La rencontre entre Maurice Chevalier, de retour d’Amérique, et Julien Duvivier, alors au sommet de sa carrière, aurait pu laisser présager un grand film. Malheureusement, si le sujet -en gros, les rêves qui demeurent inaccessibles en dépit des illusions- paraissait idéalement convenir à l’auteur de La fin du jour, le produit fini déçoit à cause d’un scénario médiocre et d’une vedette sympathique mais crédible ni en électricien ni en mauvais chanteur (l’astuce finale ne fait que redoubler ce hiatus). Reste quelques piques précurseuses contre le quart d’heure de célébrité warholien ainsi que la jolie mélancolie des séquences avec la vendeuse de fleurs.

 

Sarati le terrible (André Hugon, 1937)

A Alger, un pied-noir brutal et violent voit sa vie ébranlée lorsque sa nièce s’entiche d’un locataire aux origines mystérieuses…

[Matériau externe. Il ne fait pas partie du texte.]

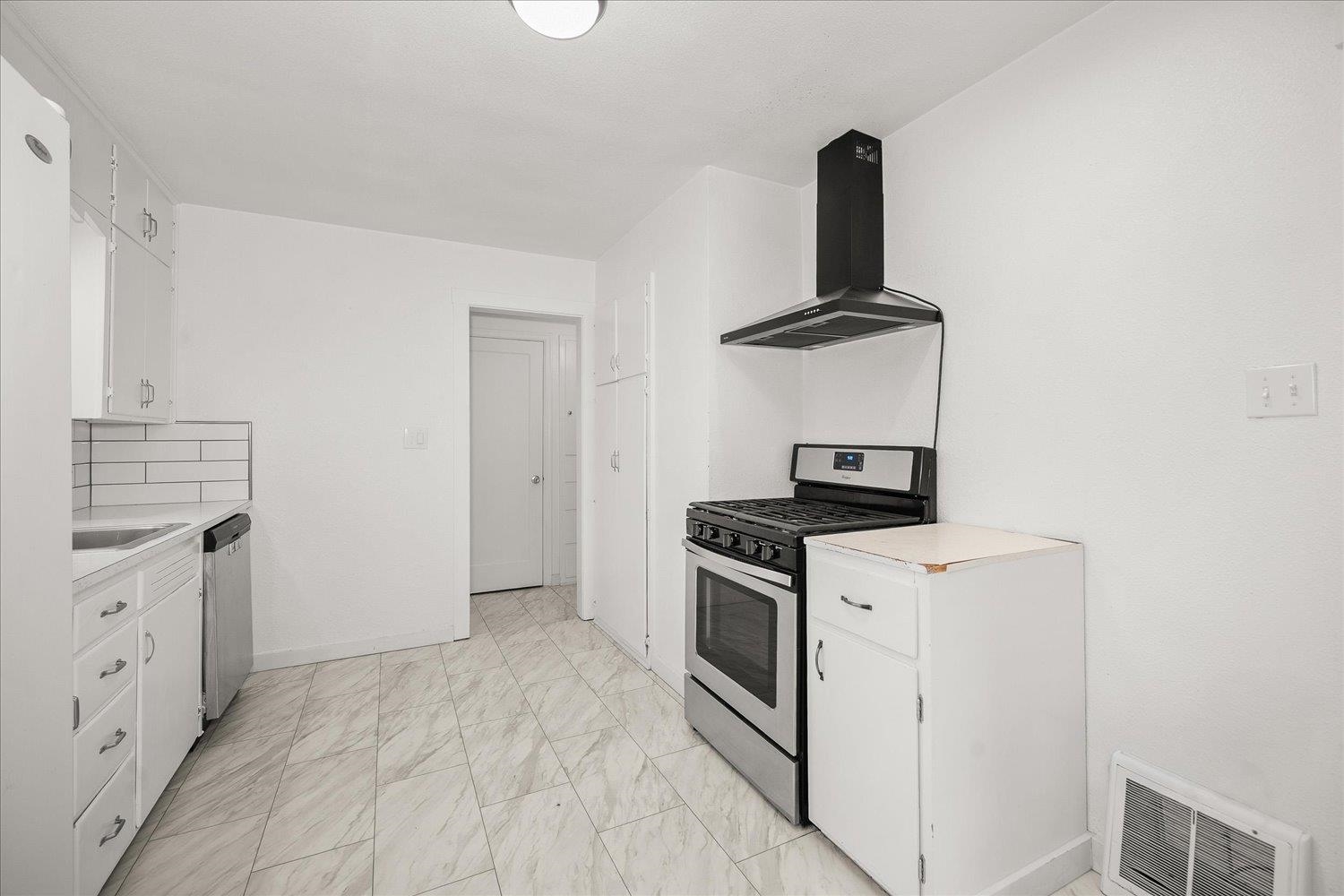 517 E Courtland Ave - Photo 10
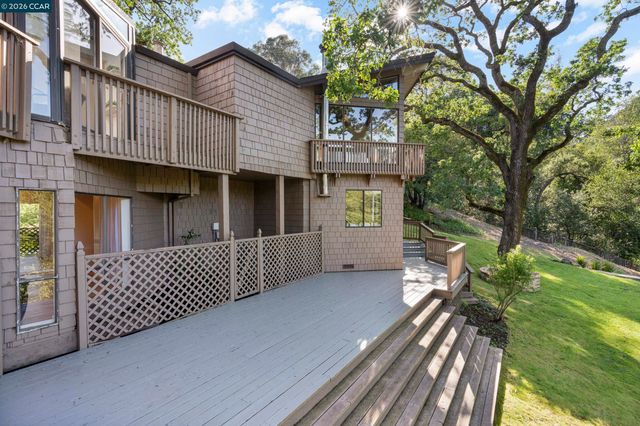 130 Montair Dr, Danville, CA 94526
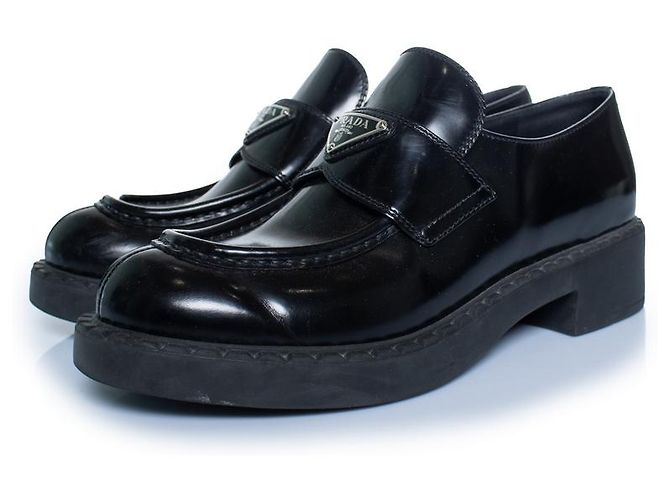 Prada, mocassini in pelle nera lucida Nero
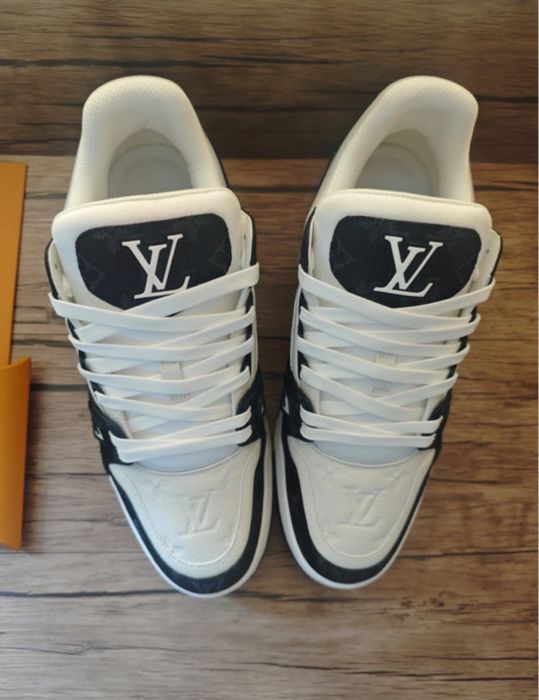 LV Trainers Black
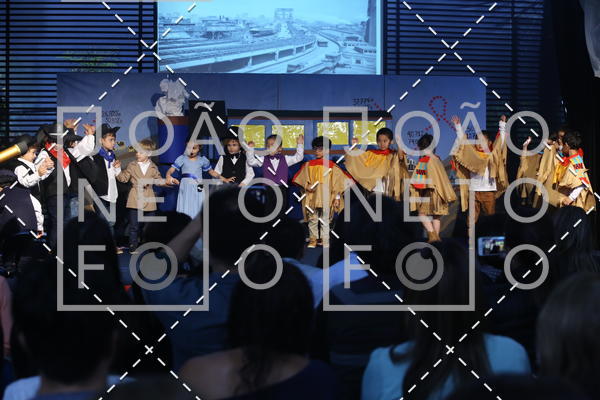 Achetez vos photos de l'vnementTots & Teens June 2019 Presentation sur Fotop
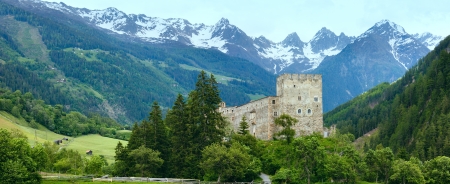 Alps mountain Berneck Castle summer panorama (near Kauns village, Tirol, Austria).のeditorial素材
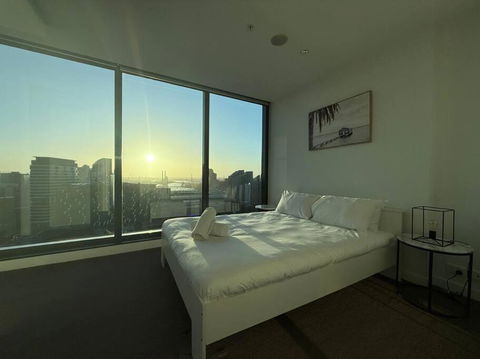 Astonishing 2B2B UpperWestSide Residence Opposite Southern Cross Station - Accommodation Rockhampton 2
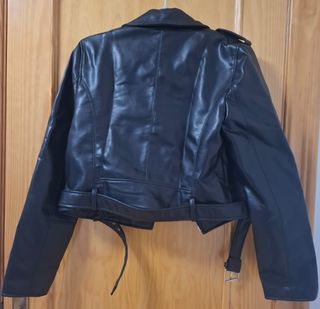 Chaqueta Motera Piel Negra PULL&BEAR Talla L (S/M)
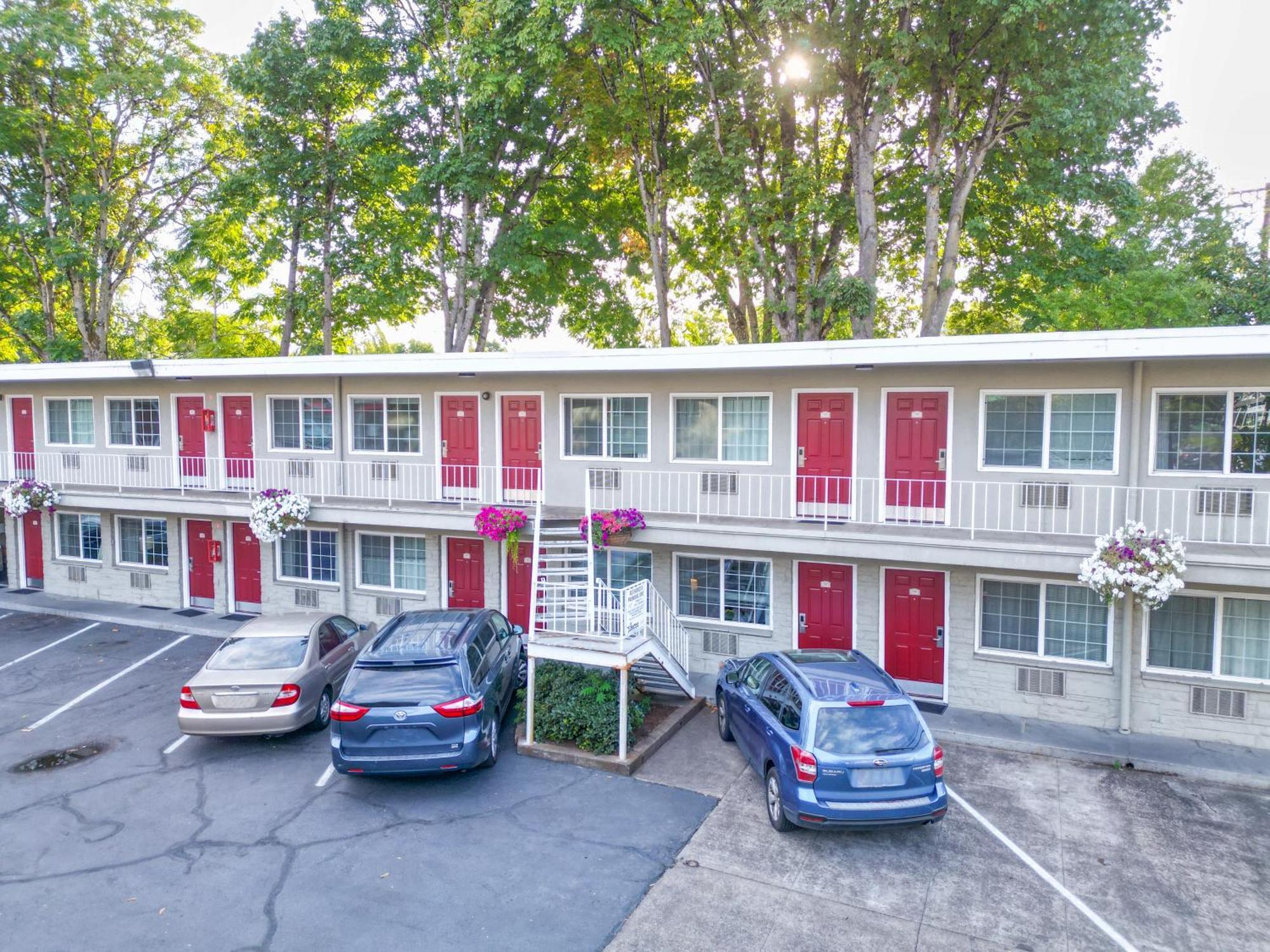 Campus Inn & Suites Eugene Downtown Bagian luar foto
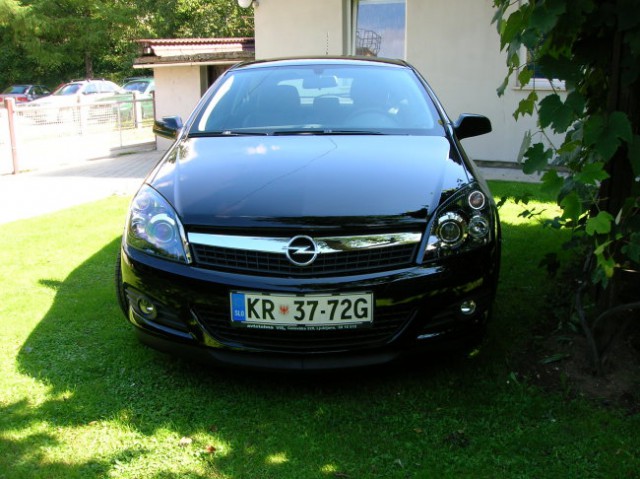 Astra GTC - foto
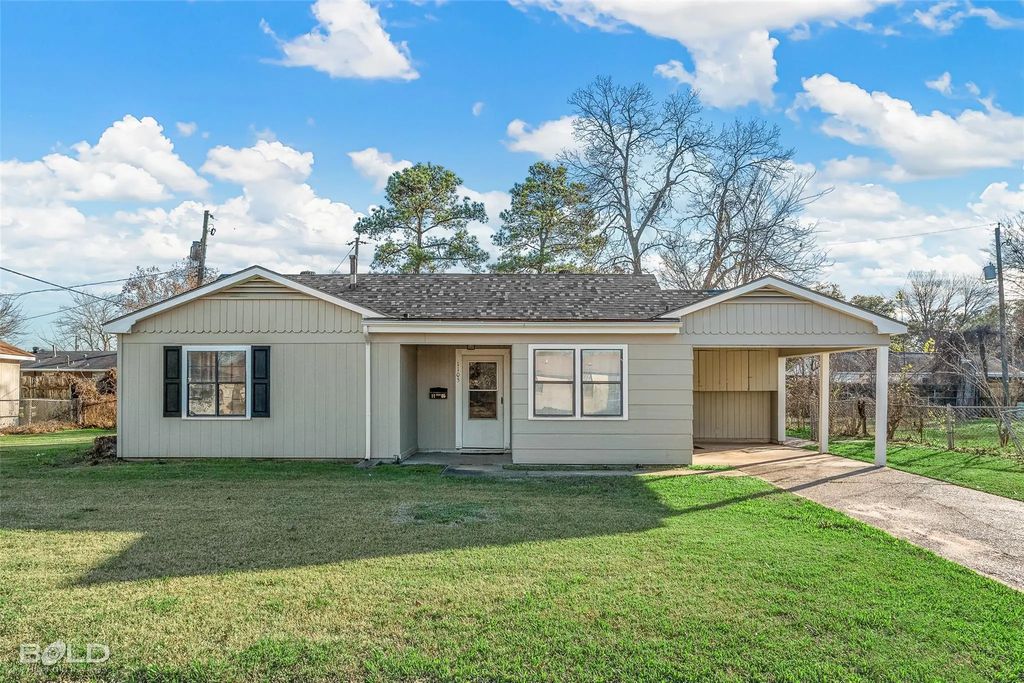 1105 Len Street, Bossier City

Inspiré par un matériau d’une toute autre teneur que celle de ses habituelles galéjades, André Hugon s’est ici surpassé. L’amour interdit que porte une brute à sa nièce nourrit une tragédie déroulée avec une implacable finesse dialectique. Entre autres, il faut voir la séquence où Sarati craque pour réaliser combien Hugon peut exceller à la mise en scène. Justesse des travellings, poésie discrète du cadre, chair dénudée de Jacqueline Laurent et, bien sûr, infinité des nuances de Harry Baur, concourent à une exceptionnelle richesse d’évocation: tendresse, douleur et horreur sont inextricablement mêlées avec un tact et une audace qui étonnent de la part de l’auteur de Romarin. Harry Baur, immense, beaucoup moins cabotin qu’il ne l’a été, trouve ici ce qui est peut-être son plus beau rôle. En somme, Sarati le terrible est un parfait équivalent français aux mélos tordus de Tod Browning avec Lon Chaney. Grand.